*** SUPPLIED MATERIAL ***
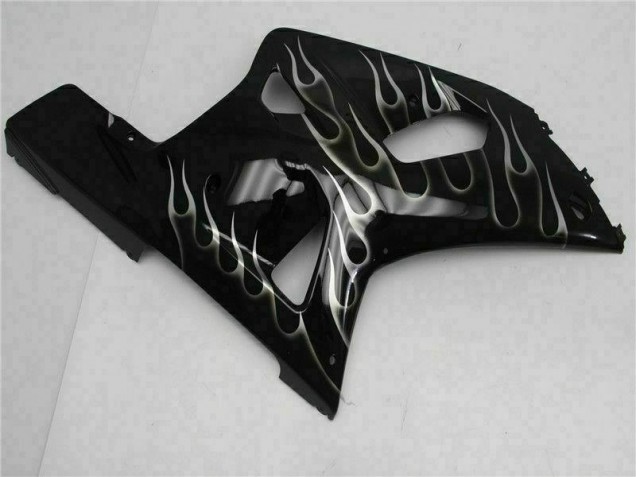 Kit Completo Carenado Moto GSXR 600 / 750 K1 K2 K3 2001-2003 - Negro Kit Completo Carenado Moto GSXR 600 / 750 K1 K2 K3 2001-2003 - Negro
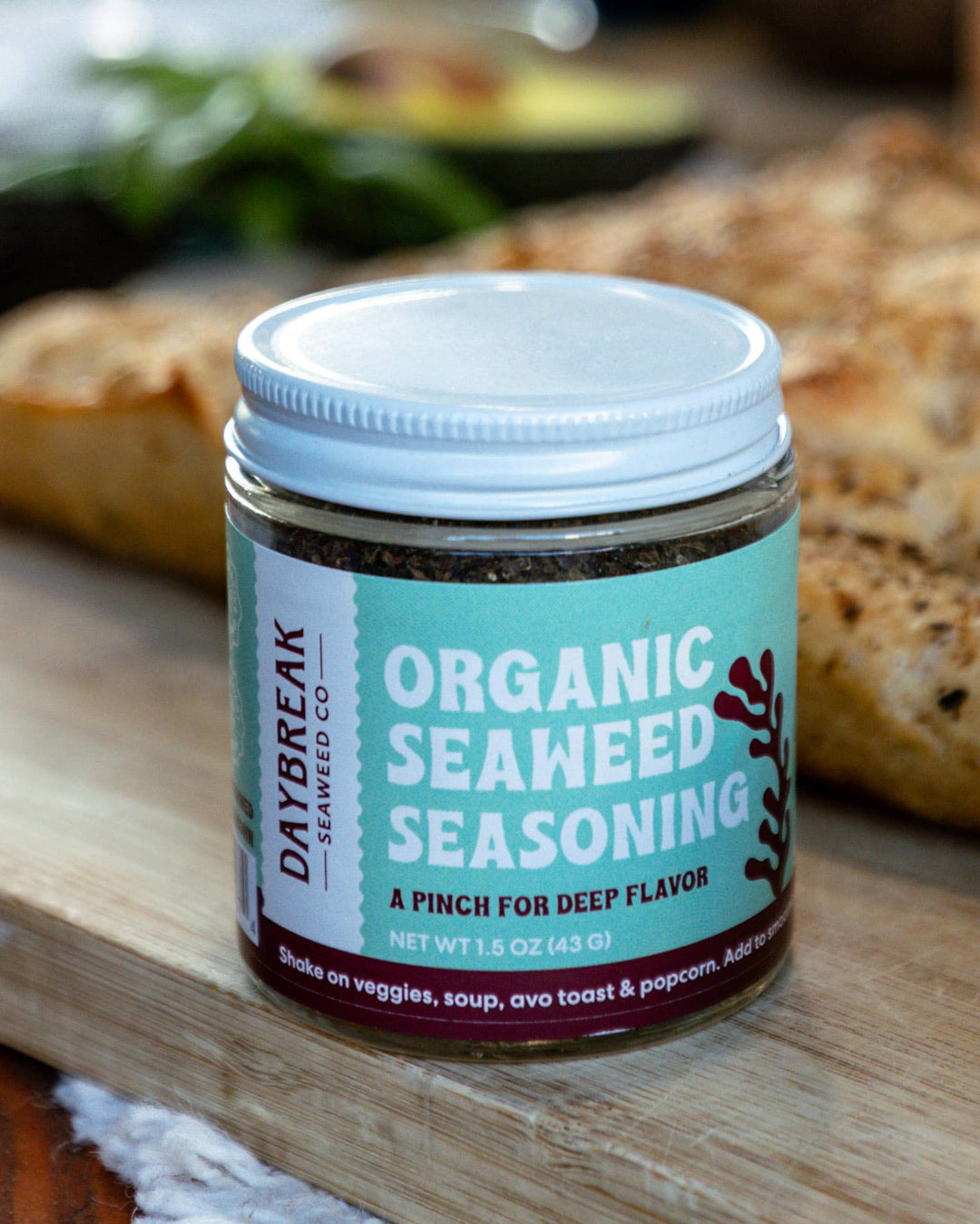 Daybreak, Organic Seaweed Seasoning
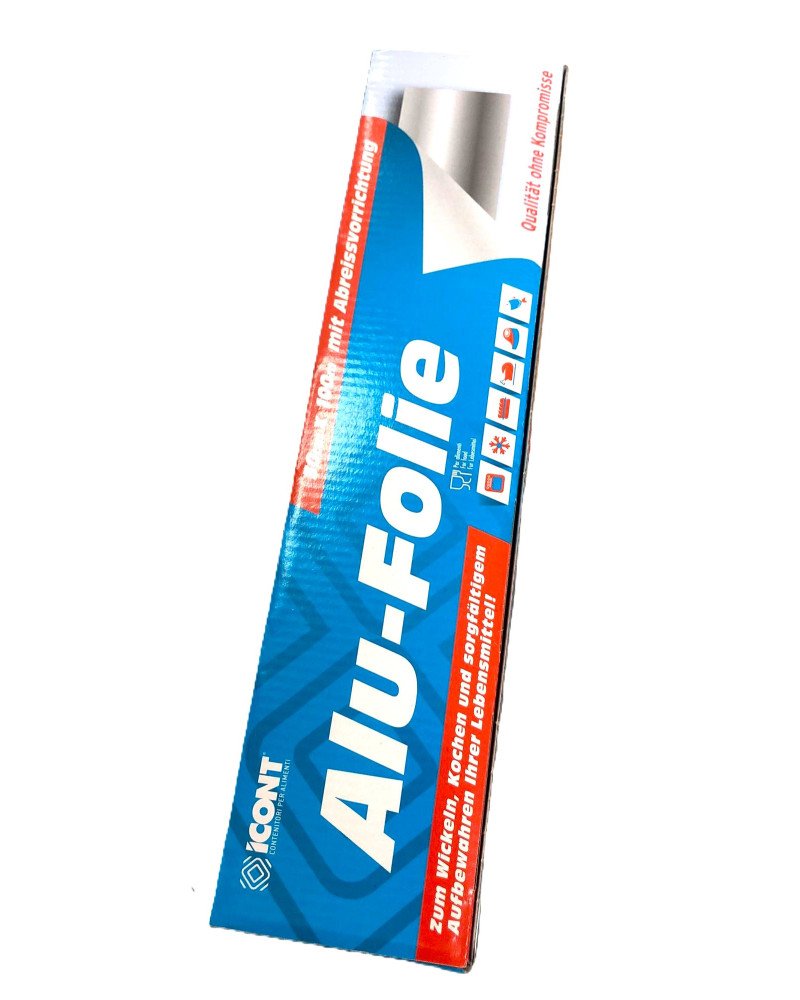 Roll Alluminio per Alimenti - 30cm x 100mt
*** End of SUPPLIED MATERIAL ***
WHAT IS NEEDED -> An exact transcript of the listing is needed, free of pictures.

EXERCISE RESULT ->
 Kit Completo Carenado Moto GSXR 600 / 750 K1 K2 K3 2001-2003 - Negro Kit Completo Carenado Moto GSXR 600 / 750 K1 K2 K3 2001-2003 - Negro
 Daybreak, Organic Seaweed Seasoning
 Roll Alluminio per Alimenti - 30cm x 100mt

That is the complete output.